WHAT IS EXPECTED ▸ Begin at the line below that has "Now adjust the" and stop after the line that has "Thank you for watching this". Please restate only those lines, word for word.

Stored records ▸
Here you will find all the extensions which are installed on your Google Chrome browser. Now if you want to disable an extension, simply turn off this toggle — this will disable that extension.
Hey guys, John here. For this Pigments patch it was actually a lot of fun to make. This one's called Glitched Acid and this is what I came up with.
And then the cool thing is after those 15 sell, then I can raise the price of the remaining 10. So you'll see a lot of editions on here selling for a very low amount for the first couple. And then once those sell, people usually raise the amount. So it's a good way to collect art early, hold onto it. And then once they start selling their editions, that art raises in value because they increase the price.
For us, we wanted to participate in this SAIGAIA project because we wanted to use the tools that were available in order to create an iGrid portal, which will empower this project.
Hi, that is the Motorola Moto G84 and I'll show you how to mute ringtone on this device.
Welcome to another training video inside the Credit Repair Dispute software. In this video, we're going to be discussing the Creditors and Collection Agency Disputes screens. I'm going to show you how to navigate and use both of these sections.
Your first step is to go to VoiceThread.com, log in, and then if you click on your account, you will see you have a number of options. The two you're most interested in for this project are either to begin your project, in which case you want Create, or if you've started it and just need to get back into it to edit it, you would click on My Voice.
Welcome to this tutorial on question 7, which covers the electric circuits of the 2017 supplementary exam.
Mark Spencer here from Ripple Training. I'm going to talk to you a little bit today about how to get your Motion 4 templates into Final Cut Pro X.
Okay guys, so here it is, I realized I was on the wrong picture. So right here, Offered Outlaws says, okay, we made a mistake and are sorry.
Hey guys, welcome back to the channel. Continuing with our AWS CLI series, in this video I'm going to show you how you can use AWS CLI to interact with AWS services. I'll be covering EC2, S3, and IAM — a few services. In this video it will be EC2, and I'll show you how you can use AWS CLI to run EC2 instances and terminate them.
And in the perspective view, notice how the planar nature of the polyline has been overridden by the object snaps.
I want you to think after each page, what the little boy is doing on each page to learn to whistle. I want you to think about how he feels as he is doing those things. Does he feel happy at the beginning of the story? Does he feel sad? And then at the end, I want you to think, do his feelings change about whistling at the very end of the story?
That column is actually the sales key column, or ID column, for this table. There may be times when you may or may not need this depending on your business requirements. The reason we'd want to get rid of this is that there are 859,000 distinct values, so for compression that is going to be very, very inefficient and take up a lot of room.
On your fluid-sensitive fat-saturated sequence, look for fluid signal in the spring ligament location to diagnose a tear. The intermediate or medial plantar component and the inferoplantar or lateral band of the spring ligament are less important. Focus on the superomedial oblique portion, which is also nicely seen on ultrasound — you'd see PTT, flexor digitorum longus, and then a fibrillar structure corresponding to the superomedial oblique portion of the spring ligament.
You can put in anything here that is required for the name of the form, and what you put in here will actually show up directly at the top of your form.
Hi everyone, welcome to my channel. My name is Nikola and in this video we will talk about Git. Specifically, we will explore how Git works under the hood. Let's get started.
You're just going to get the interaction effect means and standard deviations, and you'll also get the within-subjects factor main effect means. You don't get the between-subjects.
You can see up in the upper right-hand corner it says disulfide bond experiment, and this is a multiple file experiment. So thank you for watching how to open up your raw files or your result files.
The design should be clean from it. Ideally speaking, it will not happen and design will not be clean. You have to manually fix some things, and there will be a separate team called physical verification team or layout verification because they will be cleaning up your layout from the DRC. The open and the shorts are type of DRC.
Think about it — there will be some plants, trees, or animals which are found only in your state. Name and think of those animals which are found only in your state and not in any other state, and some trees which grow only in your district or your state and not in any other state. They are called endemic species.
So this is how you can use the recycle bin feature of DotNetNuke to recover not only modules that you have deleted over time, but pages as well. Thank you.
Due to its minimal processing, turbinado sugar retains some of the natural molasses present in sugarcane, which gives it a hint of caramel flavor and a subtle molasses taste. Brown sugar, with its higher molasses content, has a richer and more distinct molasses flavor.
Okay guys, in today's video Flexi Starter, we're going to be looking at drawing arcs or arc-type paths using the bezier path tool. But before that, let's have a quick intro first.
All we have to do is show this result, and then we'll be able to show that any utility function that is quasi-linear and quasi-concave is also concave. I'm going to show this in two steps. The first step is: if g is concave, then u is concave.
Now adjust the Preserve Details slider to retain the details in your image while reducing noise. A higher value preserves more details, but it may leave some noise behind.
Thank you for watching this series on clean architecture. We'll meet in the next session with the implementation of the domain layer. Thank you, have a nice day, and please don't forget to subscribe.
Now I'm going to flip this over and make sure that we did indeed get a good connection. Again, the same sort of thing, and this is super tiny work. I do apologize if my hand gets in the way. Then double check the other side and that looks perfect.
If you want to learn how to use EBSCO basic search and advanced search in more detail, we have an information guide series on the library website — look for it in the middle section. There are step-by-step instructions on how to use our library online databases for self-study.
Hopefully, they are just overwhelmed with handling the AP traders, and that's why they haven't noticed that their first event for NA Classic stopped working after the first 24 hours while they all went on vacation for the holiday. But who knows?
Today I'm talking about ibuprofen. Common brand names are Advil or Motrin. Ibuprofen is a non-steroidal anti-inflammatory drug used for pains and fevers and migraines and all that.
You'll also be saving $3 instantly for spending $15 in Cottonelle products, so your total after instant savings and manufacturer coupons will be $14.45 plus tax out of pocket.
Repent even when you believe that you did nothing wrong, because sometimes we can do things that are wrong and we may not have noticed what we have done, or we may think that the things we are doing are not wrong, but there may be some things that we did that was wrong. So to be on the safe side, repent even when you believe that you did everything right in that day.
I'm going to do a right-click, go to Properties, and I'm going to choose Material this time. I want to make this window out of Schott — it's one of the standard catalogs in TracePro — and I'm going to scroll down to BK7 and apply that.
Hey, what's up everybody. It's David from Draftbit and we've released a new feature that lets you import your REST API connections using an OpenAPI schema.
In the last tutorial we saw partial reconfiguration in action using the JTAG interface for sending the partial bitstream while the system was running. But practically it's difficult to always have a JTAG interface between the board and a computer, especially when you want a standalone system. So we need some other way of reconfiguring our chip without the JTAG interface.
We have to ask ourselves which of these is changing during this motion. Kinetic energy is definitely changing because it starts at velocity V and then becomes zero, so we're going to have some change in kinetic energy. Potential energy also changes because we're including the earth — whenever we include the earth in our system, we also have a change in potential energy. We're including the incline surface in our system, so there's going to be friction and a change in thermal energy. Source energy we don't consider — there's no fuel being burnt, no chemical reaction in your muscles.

FINISHED TASK ▸
Now adjust the Preserve Details slider to retain the details in your image while reducing noise. A higher value preserves more details, but it may leave some noise behind.
Thank you for watching this series on clean architecture. We'll meet in the next session with the implementation of the domain layer. Thank you, have a nice day, and please don't forget to subscribe.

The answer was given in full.